# COLLECTED DATA
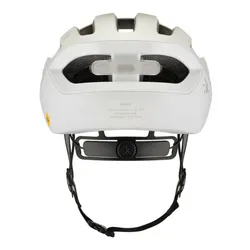 Kask rowerowy FIZIK Vento Kudo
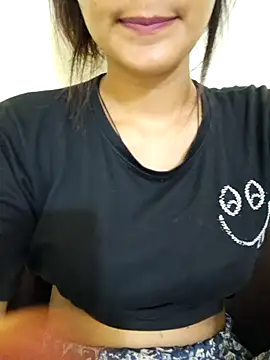 Teri_lella Chat XXX in diretta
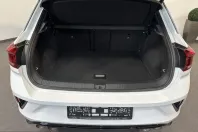 Volkswagen T-Roc din 2022 cu 92.450 km - oferta VOL230490 - foto 6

# PROBLEM REQUIREMENTS
Return the whole listing, word for word, and leave out every picture.

# EXERCISE ANSWER
 Kask rowerowy FIZIK Vento Kudo
 Teri_lella Chat XXX in diretta
 Volkswagen T-Roc din 2022 cu 92.450 km - oferta VOL230490 - foto 6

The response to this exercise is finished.